VIETNAMERICA
The War Comes Home
This book is about the Vietnam War coming home, not in the form
of body bags or POWs, but as children with half-American faces
searching for their fathers. In 1988, after passage of the
Amerasian Homecoming Act, the United States began airlifting the
natural children of American soldiers out of Vietnam. This was
thirteen years after the war officially ended.
Known as bui doi, children of dust, abandoned by their fathers,
often homeless and illiterate, these Amerasian kids suddenly
found themselves transported into America's inner cities. Here
they became the wards of refugee agencies that clothed and fed
them.
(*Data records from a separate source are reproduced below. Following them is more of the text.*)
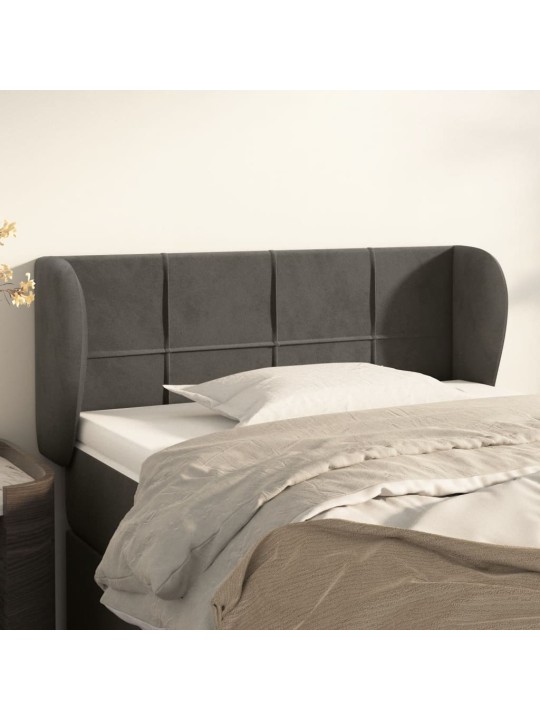 Čelo postele typu ušák tmavě šedé 83x23x78/88 cm samet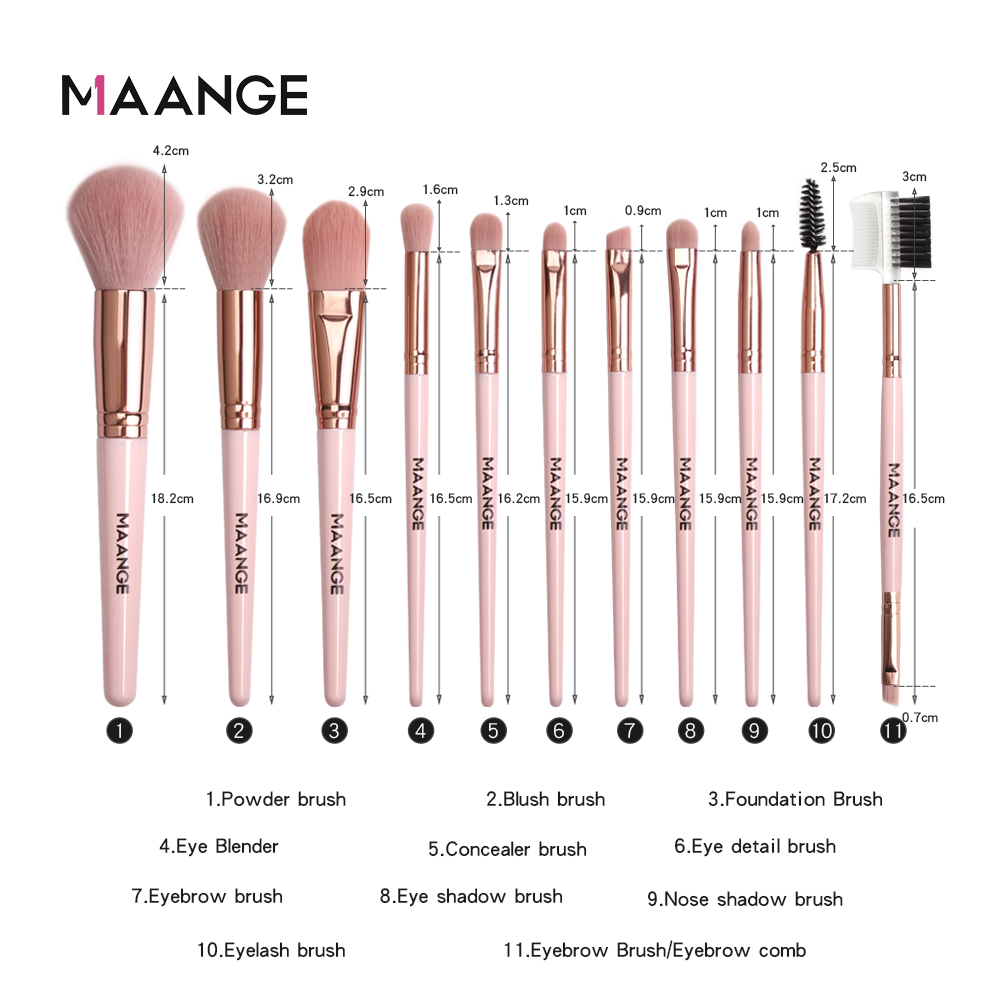 Bộ cọ trang điểm 11 cây MAANGE chuyên dụng 130g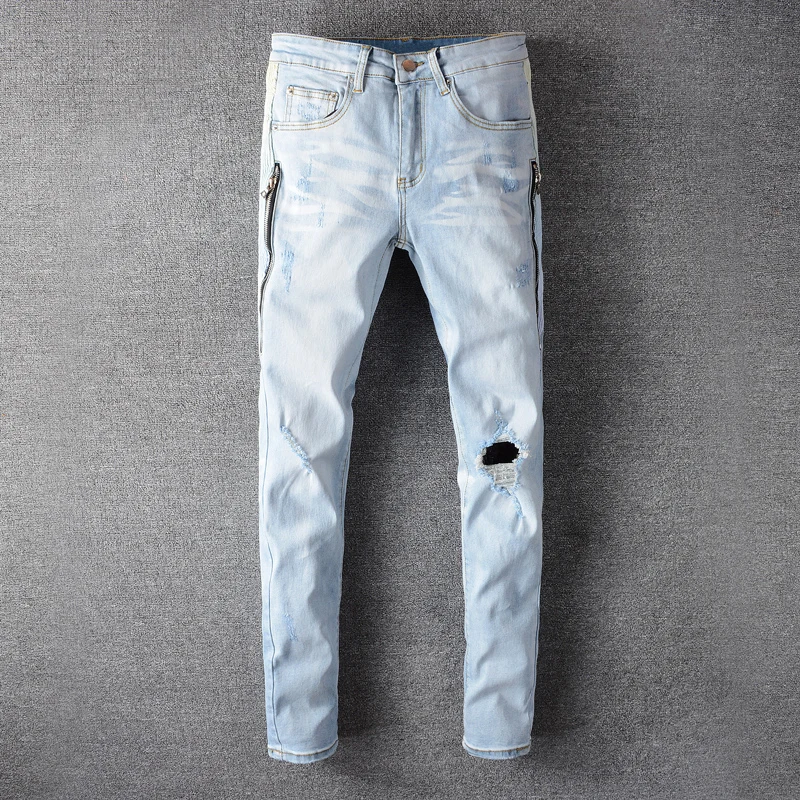

Джинсы мужские рваные в стиле панк, эластичные брюки Slim Fit, уличная одежда в американском стиле, светло-голубые, хип-хоп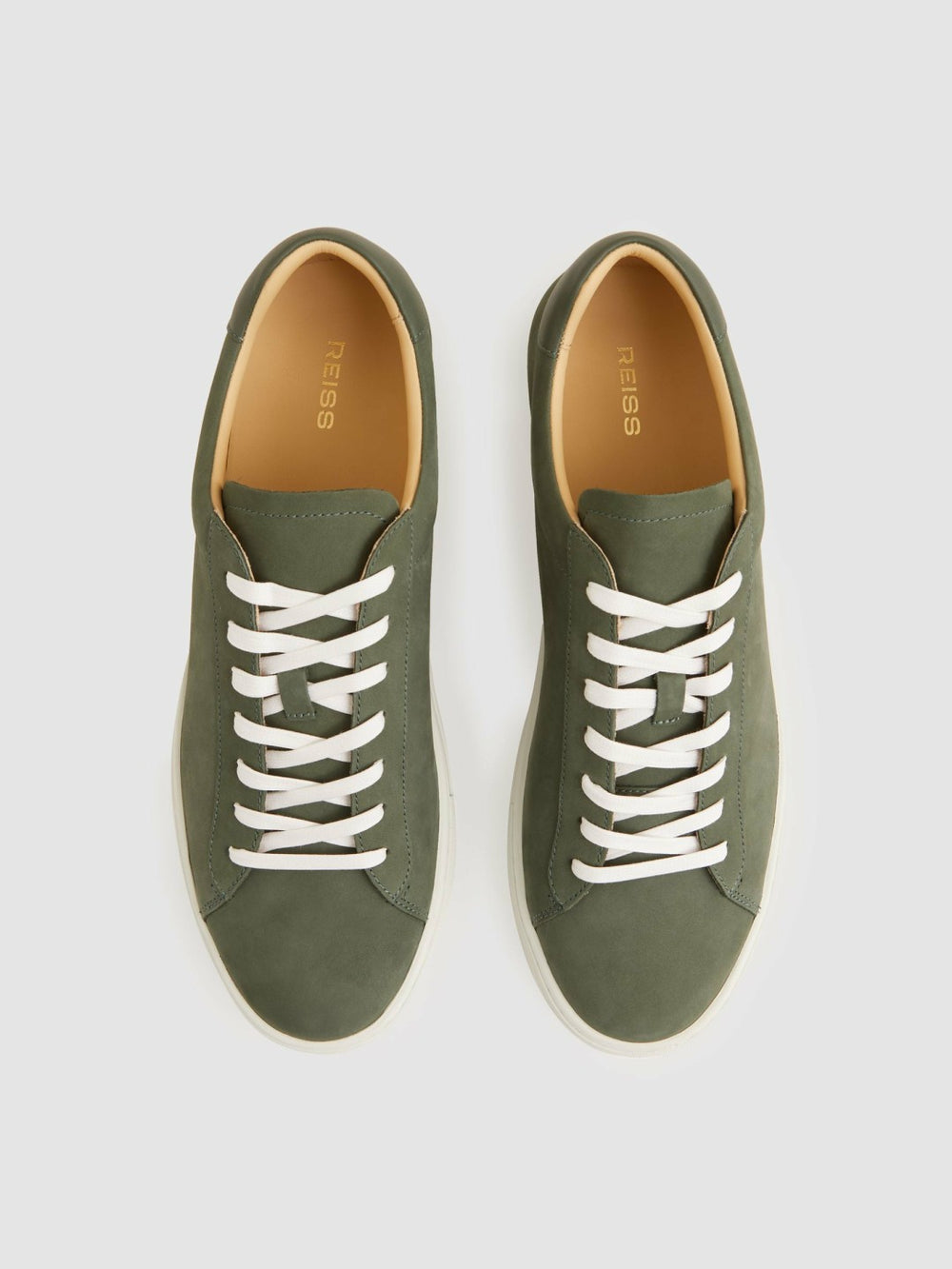 Men Nubuck Leather Low-Top Trainers in Thyme Green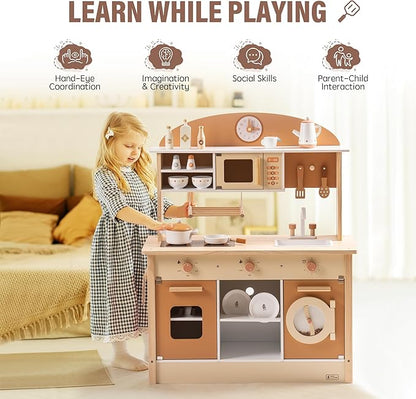 ROBUD Wooden Play Kitchen for Kids Toddlers, Kids Kitchen Playset with Realistic Accessories, Toy Kitchen Set with Plenty of Play Features, Modern Style Toy Kitchen for Girls & Boys, 3+, Caramel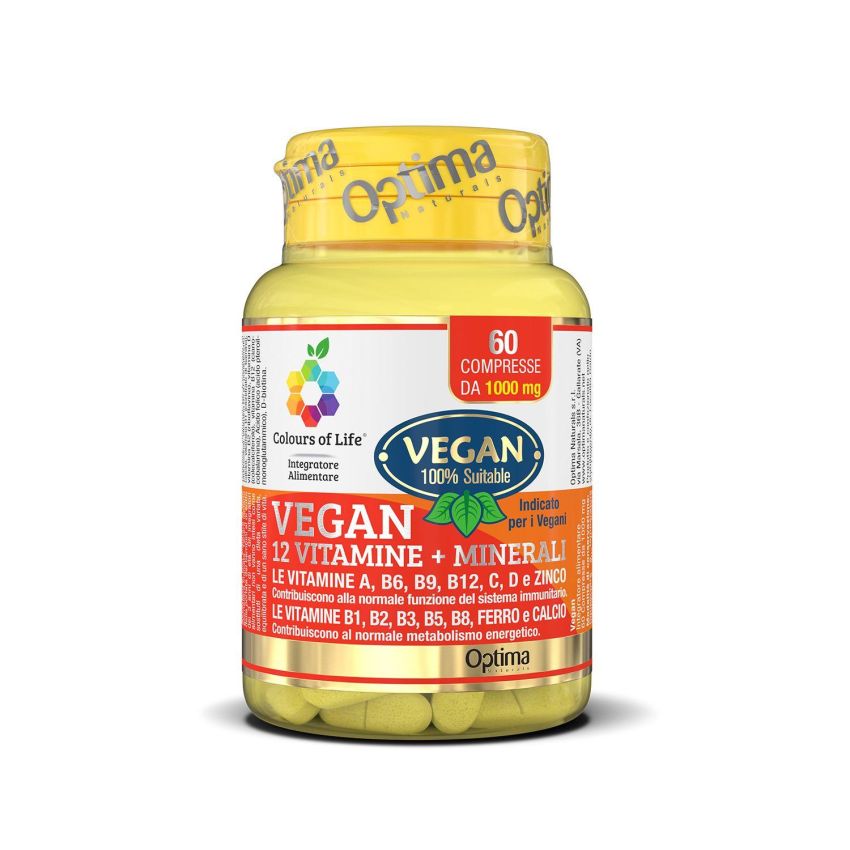 Colours Of Life - Complesso di 12 Vitamine e 3 Minerali Vegano - 60 Compresse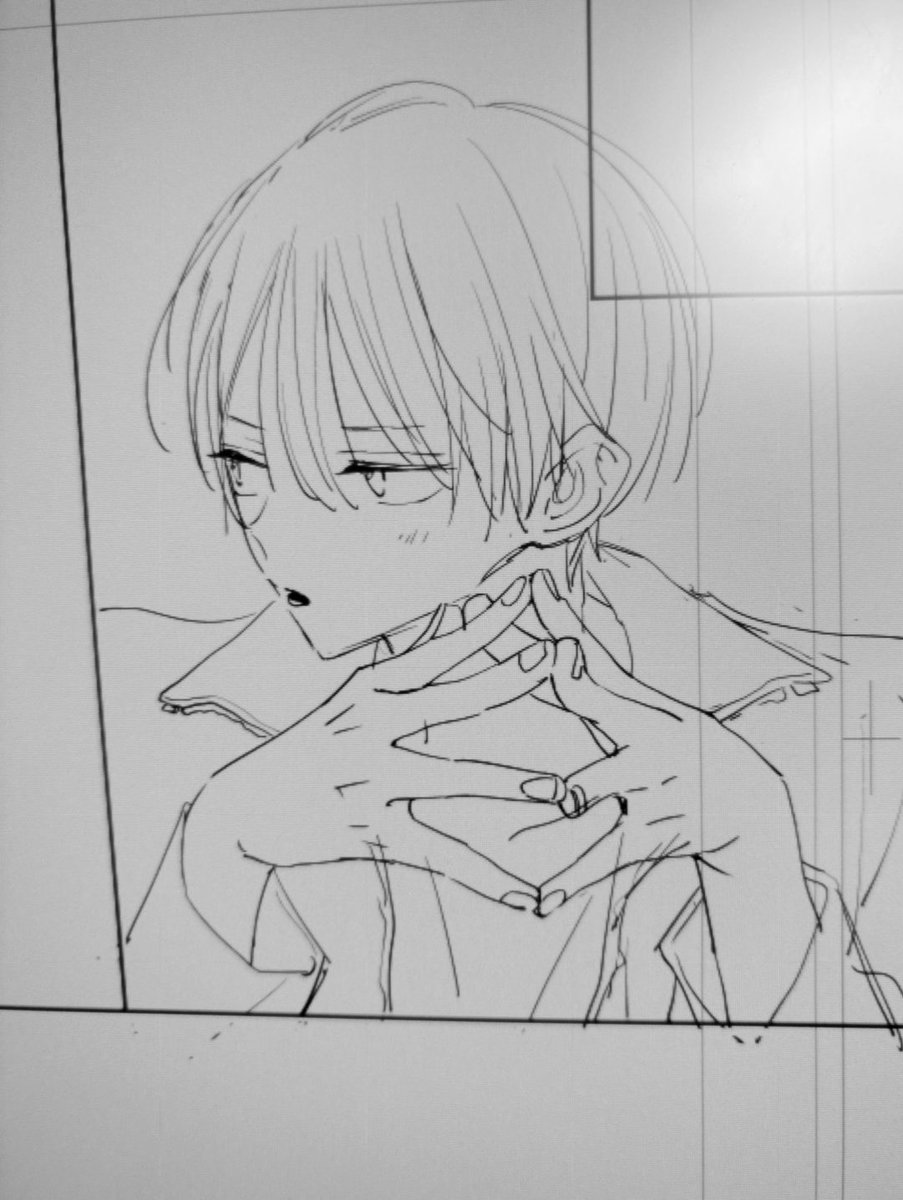 スマホで撮ってた下描きと途中原稿です✒️ 毎月アシスタント様に感謝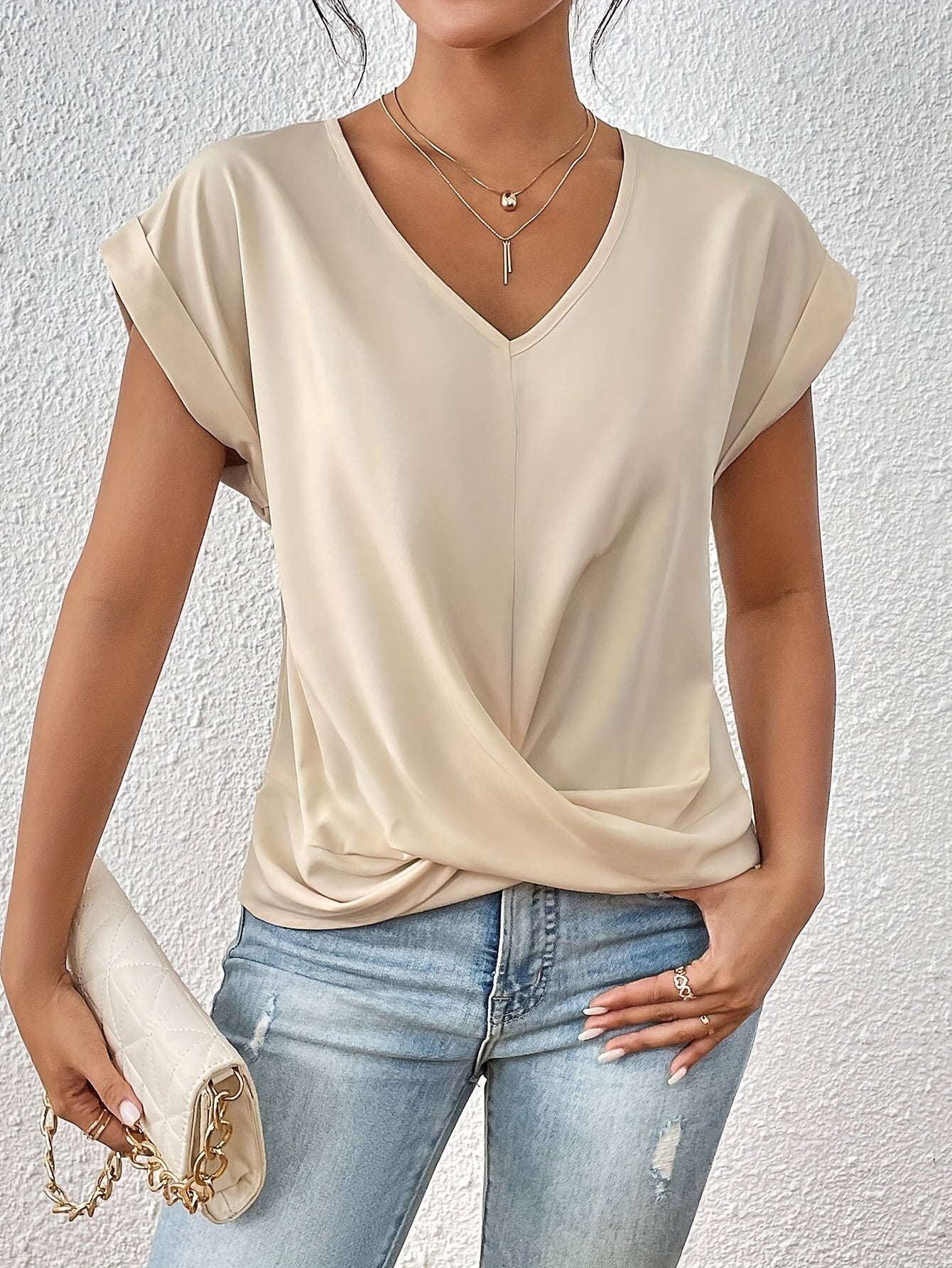 Clao™ | Casual T-shirt med sweetheart halsudskæring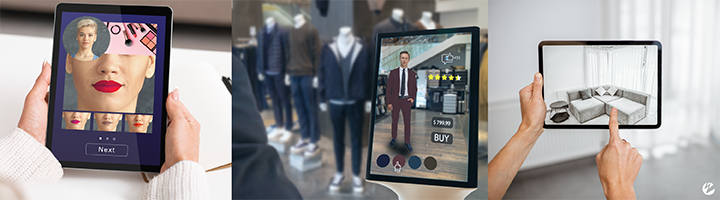 Three examples of shoppable video, including a live makeup tutorial via video chat, an in-store AR application for trying on clothing, and the use of AR technology to project furniture into a space in your house.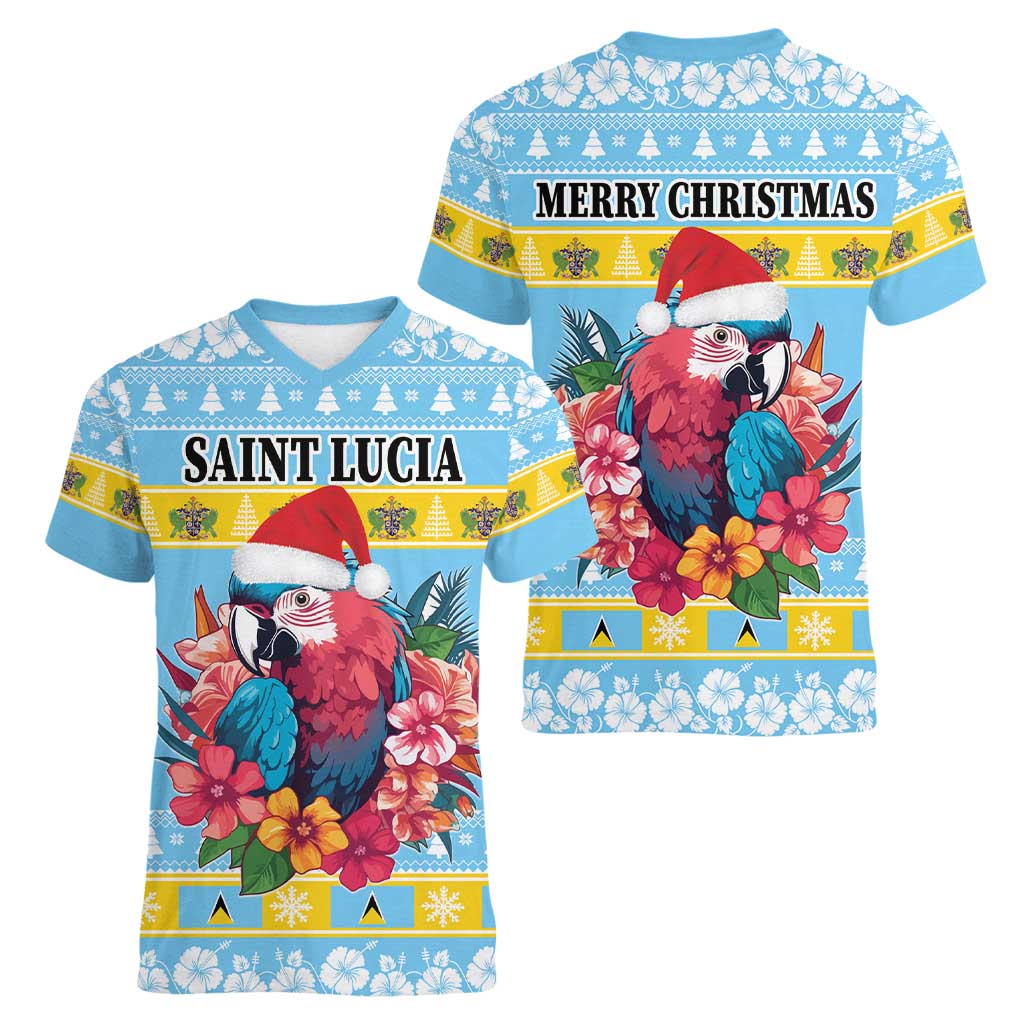 Saint Lucia Christmas Women V-Neck T-Shirt Saint Lucian Parrot With Hibiscus Flowers - Wonder Print Shop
Vietnamerica is the story of two cultures colliding -- not in
war, but peace -- as the children of America's Vietnam veterans
fight their own battle for a decent "homecoming." It is also the
story of the thousands of Amerasians who remain in Vietnam, some
by choice, others against their will.
From the book
I am picked up early in the morning by a government car, which
can barely wedge itself down the alley in front of my hotel. "Are
you sure these accommodations are comfortable?" asks Mr. Chinh,
the Ministry of Foreign Affairs official who is my guide in
Saigon. Comrade Chinh has the worried look of a man headed for
stomach trouble. I assure him the hotel is fine, but it will take
another couple of days before I can convince him to skip the car
and let me get downtown on my own.
We drive through the Ministry gates at one minute to eight. Mr.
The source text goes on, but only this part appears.